More like, I’ve been questioning my ability. Am I really any good? Is this something that I should be pursuing?
It’s hard. I sit down to write, and just can’t get my self to write more than a few hundred words before the doubts start to crowd in. First, it’s those words I just wrote. They’re utter crap. They are, in fact, such total shit that there is just no way I can even edit them into something that’s just bad, never mind into something someone else will want to read. And if those words are horrible, than the rest of the book I’ve just spent time on getting to 56,000 words on has to be the worst piece of tripe ever written. Ever. Because I’m that bad.
It takes a very special kind of ego-manic to think that your own work is the absolute worst example of work ever, in the whole history of mankind.
Thankfully, I have some support. First, there’s my wonderful wife, who loves to hear about the stories I’m writing, even if the genre isn’t always something she’s interested. In the case of this particular book I’m writing right now, Mythic America, she’s excited to read it, and so encourages me to just finish the damn thing.

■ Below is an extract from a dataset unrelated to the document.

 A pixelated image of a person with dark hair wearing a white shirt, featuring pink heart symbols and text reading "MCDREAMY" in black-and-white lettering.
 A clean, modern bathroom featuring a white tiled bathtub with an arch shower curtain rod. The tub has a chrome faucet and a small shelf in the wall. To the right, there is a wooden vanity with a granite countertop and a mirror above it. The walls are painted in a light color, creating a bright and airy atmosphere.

Then, I have my friends on Google Plus, Twitter and Facebook. The other writers out there who’ve been through this, who know where I’m coming from, who can tell me that if I just push on, it’ll get better.
And then I discovered today something else that helps.

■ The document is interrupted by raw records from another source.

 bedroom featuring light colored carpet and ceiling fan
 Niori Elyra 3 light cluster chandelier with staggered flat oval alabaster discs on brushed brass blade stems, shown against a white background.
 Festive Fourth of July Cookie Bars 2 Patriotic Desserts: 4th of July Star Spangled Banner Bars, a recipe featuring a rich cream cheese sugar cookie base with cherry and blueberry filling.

My stories are really, really good.
I discovered this by re-reading a few. See, here’s the thing. There’s this saying “fake it ‘till you make it.” So, I was reminded of that when I mentioned to someone that I was feeling like a writing fraud. So, I kept on writing, no matter how much of a struggle it got, or how much I thought what I was writing was shit.
Then, the other day, my wife sent me the link to sign up for Clarion writer’s workshop. So, I said I would fill it out, even though I’m convinced that I’m nowhere near good enough to even get accepted.
Part of the requirements is that I find two stories to submit. So, I’m going back through some of my shorts to find the best two to send in.
I’m reading a couple, some I can’t even remember writing, and I find myself thinking, “Man, this is really good.”
Over and over again. Yes, some of those stories sucked, but there was a surprising number of them that were good.
Stories that I wrote. That I thought were good.
And it’s freeing. It helps to remind me that I’m not a fraud. I really am a good writer. One that’s good enough to get into Clarion. And so now I’m filling out this application for myself, because, damnit, I AM good enough for this workshop. I AM good enough to be published.
I am a damn good writer.
And I’m not going to let anyone, not even myself, tell me otherwise.